Stored items >>
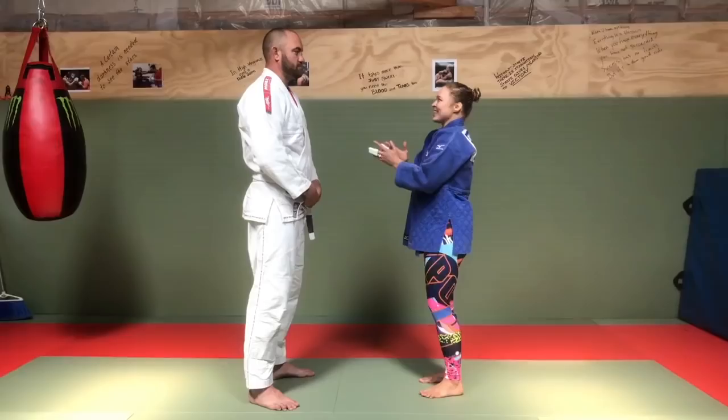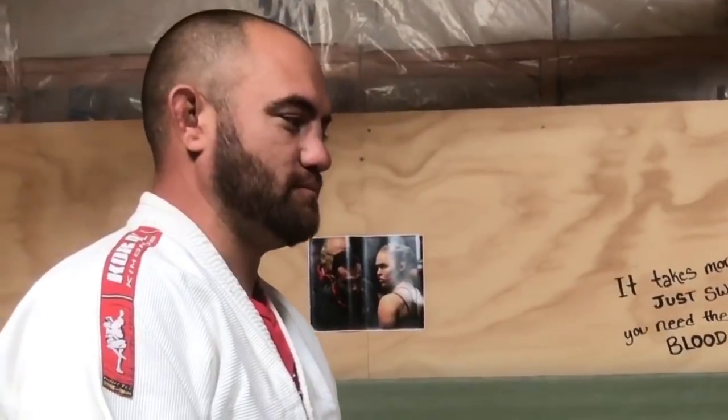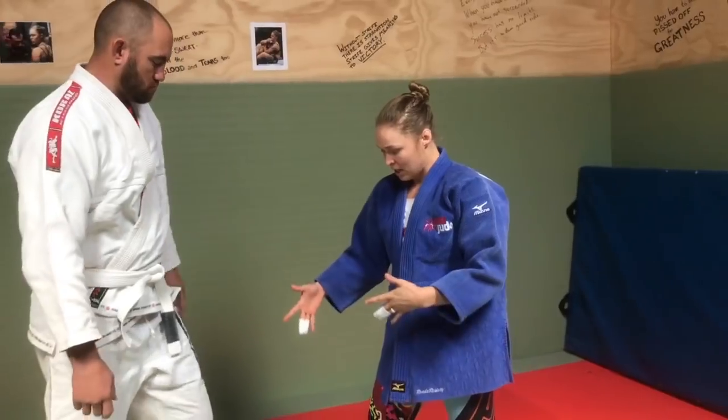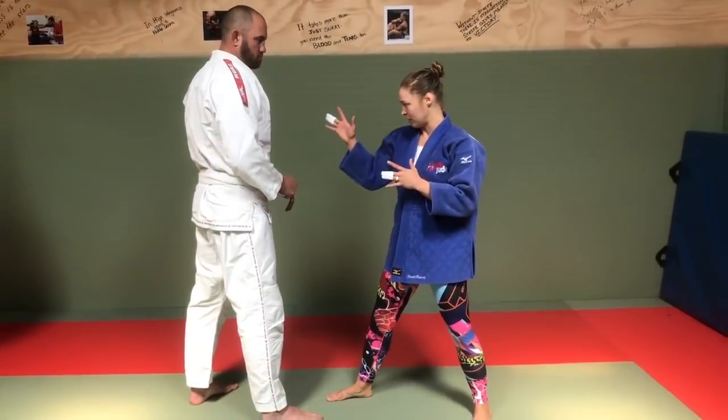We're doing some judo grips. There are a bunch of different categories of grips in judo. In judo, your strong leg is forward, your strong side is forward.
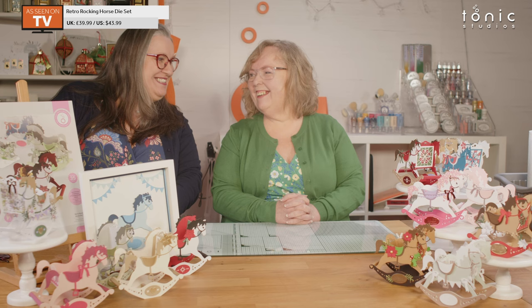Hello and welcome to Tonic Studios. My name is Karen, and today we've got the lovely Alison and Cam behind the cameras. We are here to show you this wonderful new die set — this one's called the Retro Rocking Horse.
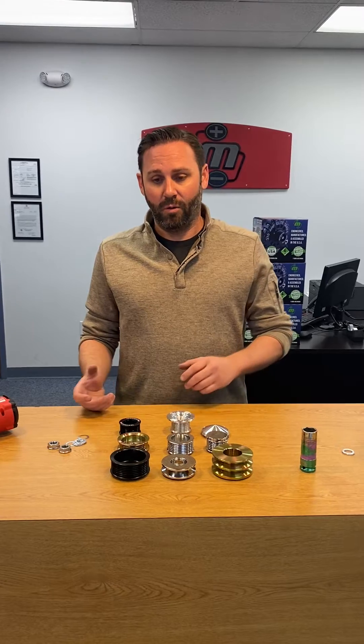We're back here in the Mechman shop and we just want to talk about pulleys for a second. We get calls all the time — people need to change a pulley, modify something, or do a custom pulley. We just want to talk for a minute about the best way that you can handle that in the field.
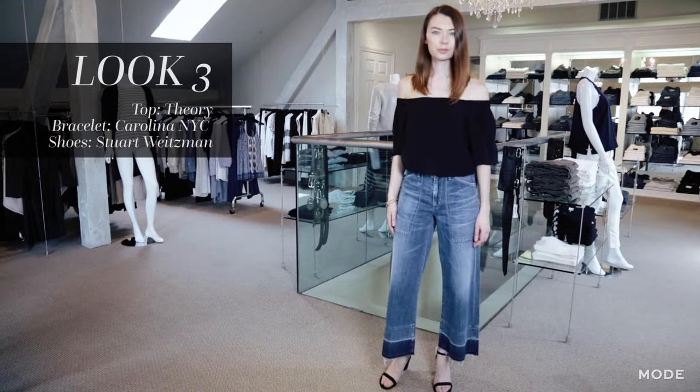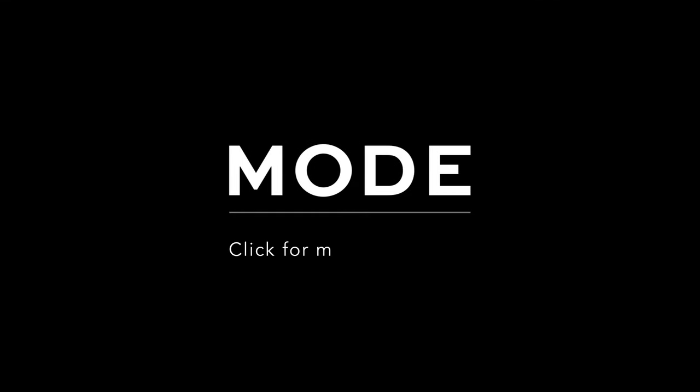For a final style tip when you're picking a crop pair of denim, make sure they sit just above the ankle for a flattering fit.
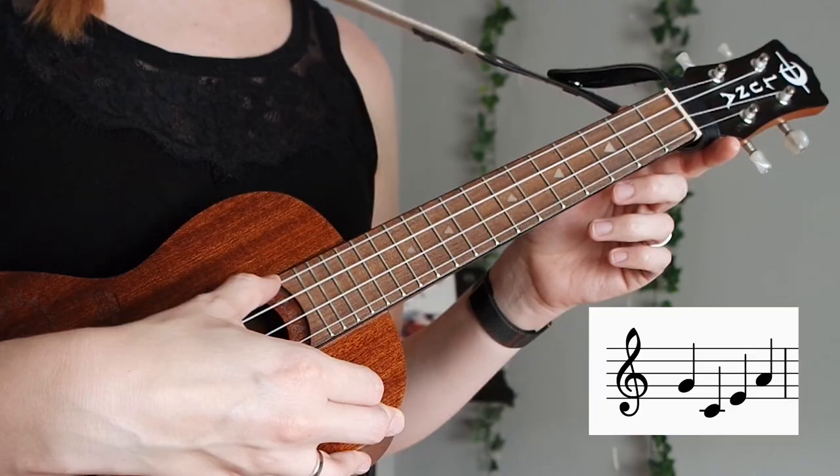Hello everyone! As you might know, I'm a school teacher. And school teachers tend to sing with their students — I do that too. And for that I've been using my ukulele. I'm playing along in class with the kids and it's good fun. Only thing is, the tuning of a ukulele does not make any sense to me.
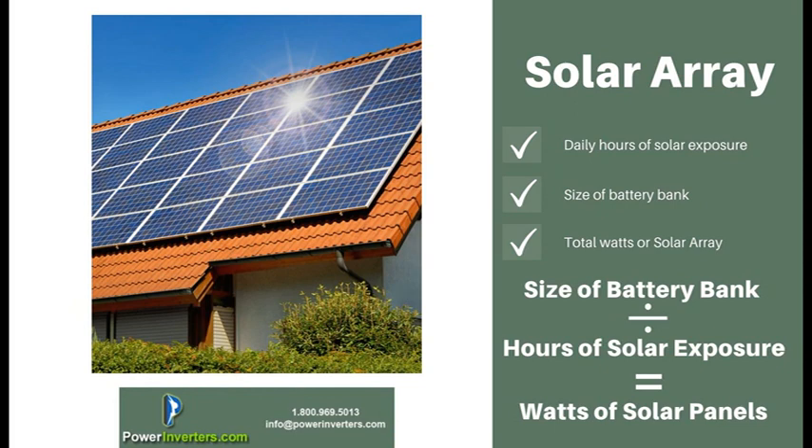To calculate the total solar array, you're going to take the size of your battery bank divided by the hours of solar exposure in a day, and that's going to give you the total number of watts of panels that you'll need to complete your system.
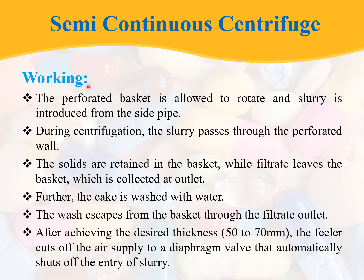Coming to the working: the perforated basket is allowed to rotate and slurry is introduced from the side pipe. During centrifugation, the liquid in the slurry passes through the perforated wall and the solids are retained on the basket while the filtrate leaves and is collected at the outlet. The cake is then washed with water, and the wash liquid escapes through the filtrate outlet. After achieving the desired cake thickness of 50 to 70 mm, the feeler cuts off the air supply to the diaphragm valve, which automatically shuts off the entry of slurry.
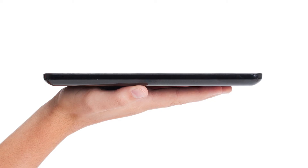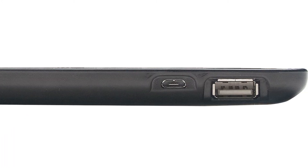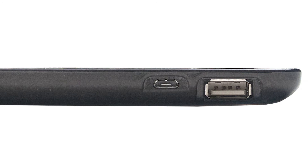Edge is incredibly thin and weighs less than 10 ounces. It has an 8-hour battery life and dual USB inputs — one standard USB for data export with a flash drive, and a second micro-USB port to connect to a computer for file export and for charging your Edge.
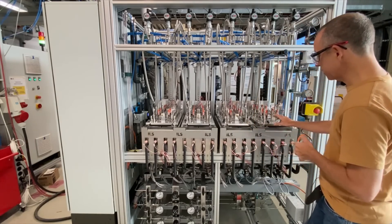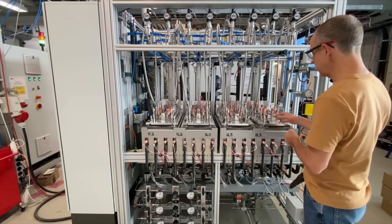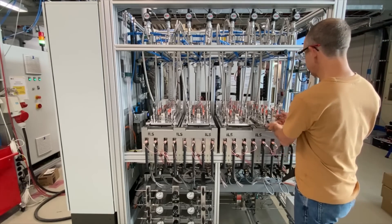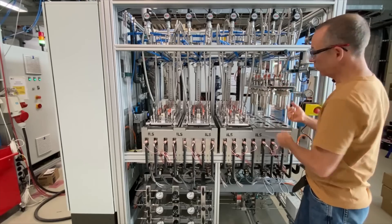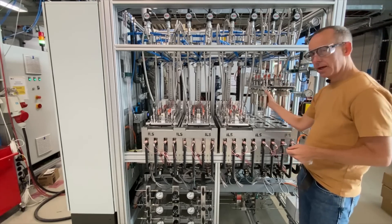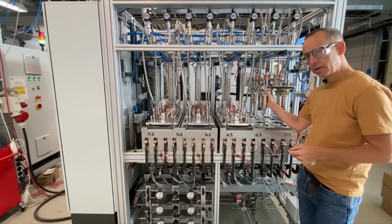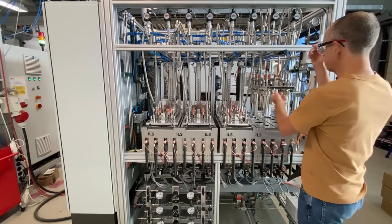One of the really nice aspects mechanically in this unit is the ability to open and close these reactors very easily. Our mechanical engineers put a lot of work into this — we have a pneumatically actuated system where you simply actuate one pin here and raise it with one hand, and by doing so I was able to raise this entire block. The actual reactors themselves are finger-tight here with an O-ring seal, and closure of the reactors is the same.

Task directions >> Please copy every record above exactly, but leave the pictures out.

Answer for this exercise >>
We're doing some judo grips. There are a bunch of different categories of grips in judo. In judo, your strong leg is forward, your strong side is forward.
Hello and welcome to Tonic Studios. My name is Karen, and today we've got the lovely Alison and Cam behind the cameras. We are here to show you this wonderful new die set — this one's called the Retro Rocking Horse.
We're back here in the Mechman shop and we just want to talk about pulleys for a second. We get calls all the time — people need to change a pulley, modify something, or do a custom pulley. We just want to talk for a minute about the best way that you can handle that in the field.
For a final style tip when you're picking a crop pair of denim, make sure they sit just above the ankle for a flattering fit.
Hello everyone! As you might know, I'm a school teacher. And school teachers tend to sing with their students — I do that too. And for that I've been using my ukulele. I'm playing along in class with the kids and it's good fun. Only thing is, the tuning of a ukulele does not make any sense to me.
To calculate the total solar array, you're going to take the size of your battery bank divided by the hours of solar exposure in a day, and that's going to give you the total number of watts of panels that you'll need to complete your system.
Coming to the working: the perforated basket is allowed to rotate and slurry is introduced from the side pipe. During centrifugation, the liquid in the slurry passes through the perforated wall and the solids are retained on the basket while the filtrate leaves and is collected at the outlet. The cake is then washed with water, and the wash liquid escapes through the filtrate outlet. After achieving the desired cake thickness of 50 to 70 mm, the feeler cuts off the air supply to the diaphragm valve, which automatically shuts off the entry of slurry.
Edge is incredibly thin and weighs less than 10 ounces. It has an 8-hour battery life and dual USB inputs — one standard USB for data export with a flash drive, and a second micro-USB port to connect to a computer for file export and for charging your Edge.
One of the really nice aspects mechanically in this unit is the ability to open and close these reactors very easily. Our mechanical engineers put a lot of work into this — we have a pneumatically actuated system where you simply actuate one pin here and raise it with one hand, and by doing so I was able to raise this entire block. The actual reactors themselves are finger-tight here with an O-ring seal, and closure of the reactors is the same.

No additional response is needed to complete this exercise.